Painting might seem like an easy renovation job to tackle. After all, all you need is a roller, an aluminum pan, and your selected brand of paint to pull it off. However, it's not as easy as dipping a brush into your chosen color and spreading it on the wall. And it's this misconception that leads Chip Gaines to spot a common painting mistake much too often. He can always tell when there wasn't proper prep work involved because the end result isn't as seamless as it could be. Since he is an expert renovator on "Fixer Upper," Gaines' experienced eye can catch mistakes that maybe an amateur wouldn't notice. But if you want your room to look as professional and as flawless as possible, then you should take the extra time to put in the prep work. 

"For me, preparation is everything. People hate that. They hate spending time taping off walls and trim and windows. So a lot of people skip steps," he told House Beautiful. "When you skip steps, just like with any industry, bad things typically tend to happen." This includes crooked cutting lines, unsmooth wall texture, and more. Here is a deeper look into why Gaines thinks that prep work is one of the most important steps while painting and why skipping it is a big mistake.

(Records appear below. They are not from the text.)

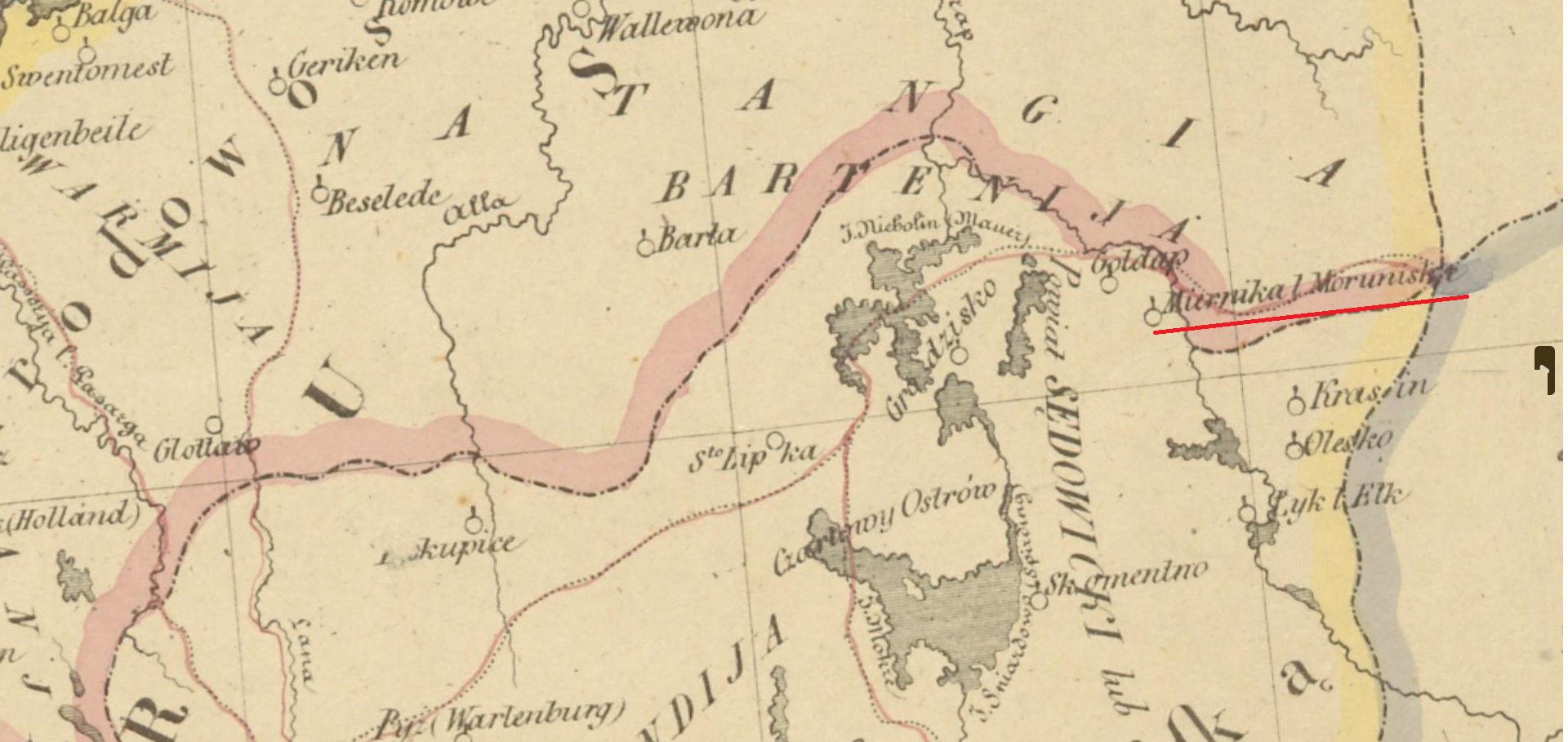 Jan Popłoński, Mapa Słowiańszczyzny lechickiej z wieku X–XII i Pruss z wieku X–XIII. Warszawa, 1862. Mieruniszki opisane jako Miernika / Morunisk(a). Jan Popłoński, Mapa Słowiańszczyzny lechickiej z wieku X–XII i Pruss z wieku X–XIII. Warszawa, 1862. Mieruniszki opisane jako Miernika / Morunisk(a).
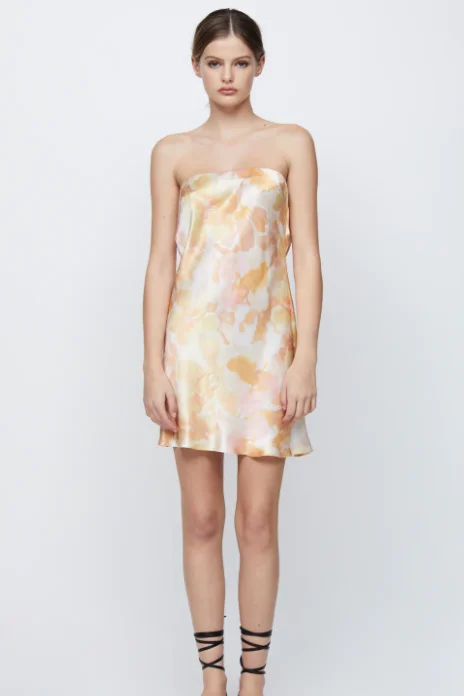 Floral Haze Indi Strapless Mini Dress Stylish Ruffle Mini Dress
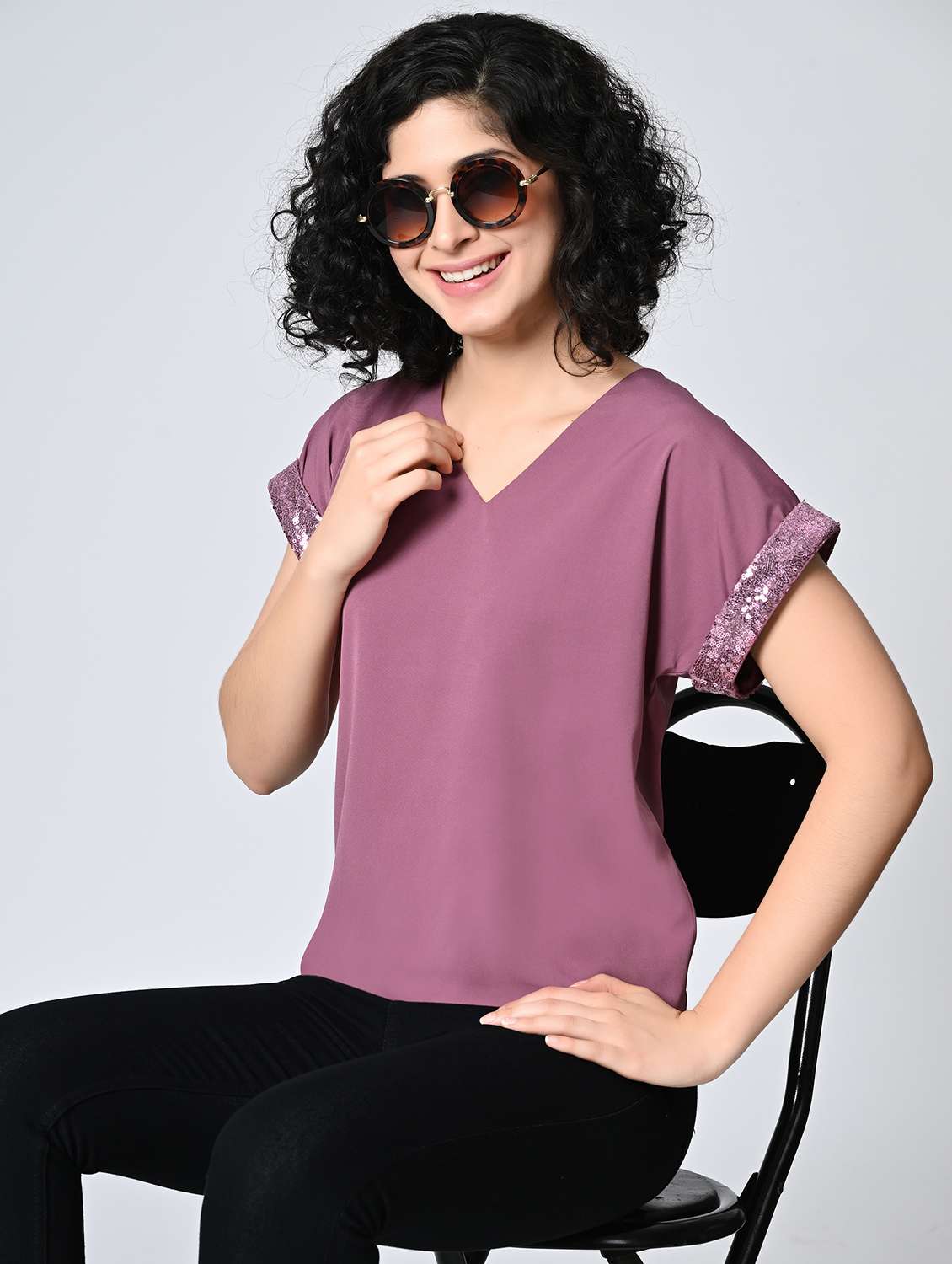 girls v-neck crepe solid regular fit top - 22477554 -  Standard Image - 5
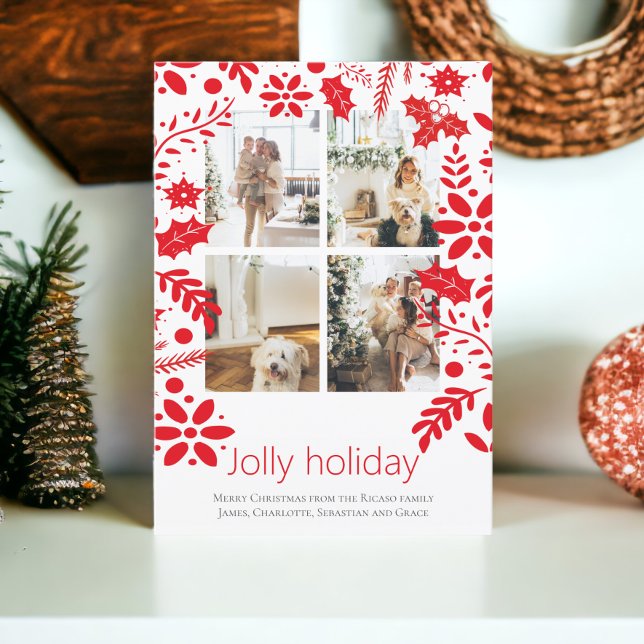 Tarjeta 4 Navidades de flores nórdicas de festividad navid (4 Photo Jolly Holiday Nordic Flower Christmas Card featuring holly. From Ricaso. Add your own photos)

Why skipping prep work is one of the biggest mistakes you can make while painting

Most people like to finish up their to-do lists as quickly as possible, which is why we tend to cut corners where we can. When it comes to painting, it might not seem totally necessary to tape down trim, sand down bumps in the wall, or add primer before you paint. Skipping these time-consuming tasks seems like it will help you wrap up the chore faster, but Gaines often finds it does the opposite. "[People] skip the step of using a primer thinking it's going to save them time in the end. And in fact, it's generally the exact opposite," he told House Beautiful. "The prep work on the walls themselves, treating the walls, sanding, getting the walls prepped so that the surface is appropriate, and always a good foundation with your primer. The final coat works a whole lot more soundly when you've spent that little bit of extra time in the front end, and it ends up saving you a lot of time in the back end."

Specifically, Gaines recommends doing two things: devoting time to prepping the walls themselves and then priming them. While he didn't get into specifics, prepping the walls includes things like patching any nail holes or cracks, sanding down any loose or chipping paint, and washing the walls so they are clear of any invisible dust and grime. Next, you want to tape down any trim, whether that's baseboards, window trim, or door trim. Once that's done, you can move on to priming the walls. Doing all of these things before pouring the paint will help you get a professional finish.

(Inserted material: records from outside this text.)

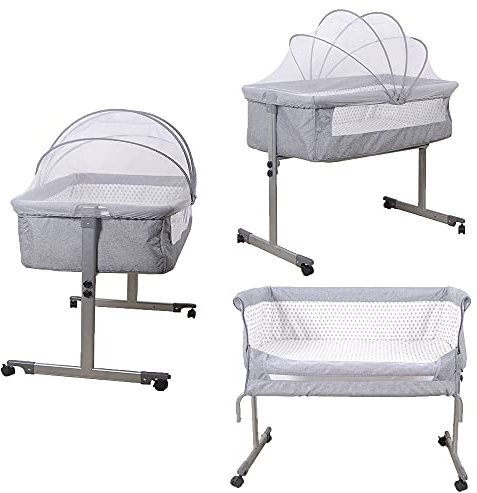 XUANYU 2 in 1 Babybett und Babywiege, Länge 96 cm(37,8''), Beistellbett Baby mit Rollen, Matratze und Moskitonetz, Reisebett Baby für Babys von 1 bis 36 Monaten, ab Geburt bis 60 kg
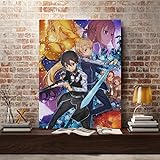 ソードアート・オンラインsao alicizationアニメポスターキャンバスウォールアートデコレーションプリントホームベッドルームデコレーション絵画/ 50x70cm（フレームなし）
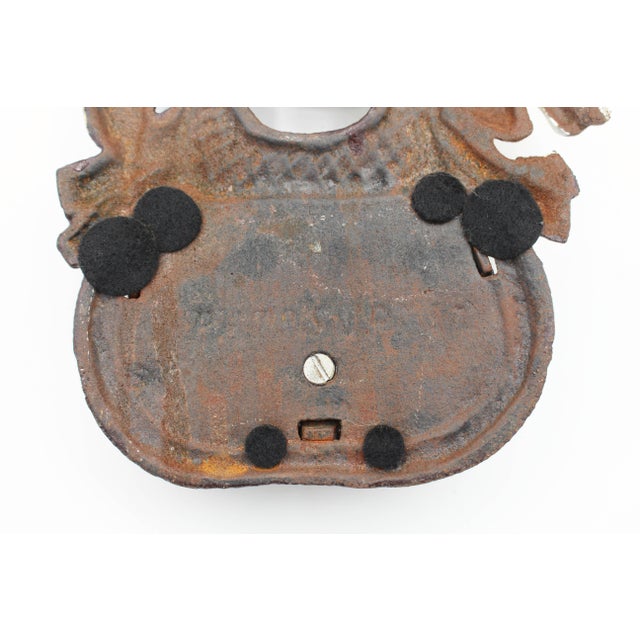 Mid 19th Century Mid-Late 19th Century American Cast Iron Hunt Motif Wall Match Holder For Sale - Image 5 of 9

Why these steps are important

Still not convinced you need to do all that extra prep work to get walls with a seamless finish? Let's take a closer look at what these steps do. If you don't properly patch holes and cracks in your walls — or remove flaking paint — then they will be there after you repaint your walls. That means there will be obvious, in-your-face imperfections. Painting over chips will create an uneven texture, and any leftover holes and cracks will make it seem like the room is in disarray rather than refreshed. If you don't wash the walls before painting, then the same thing can happen. The dust and grime will add a texture to the finished result, and it can even cause your new layer to not adhere to the wall as well. This is especially true in places like the kitchen, which can have grease buildup on the walls; the bathroom, which can have product residue like hairspray coating its surfaces; and on doors, which are a high-touch surface at risk for oil residue. Because of this, it's in your best interest to invest in prep work.

Next up is primer. Primer not only helps to cover the previous paint job on the wall, but it also helps smooth out imperfections. For example, it can help hide any difficult stains, such as brown water stains. These would peak through with just paint. It can also help fill in small cracks, dips, or pits, giving you a smoother surface. Secondly, it will also help you get the true color and finish of your new paint since it gives you a clean, blank foundation.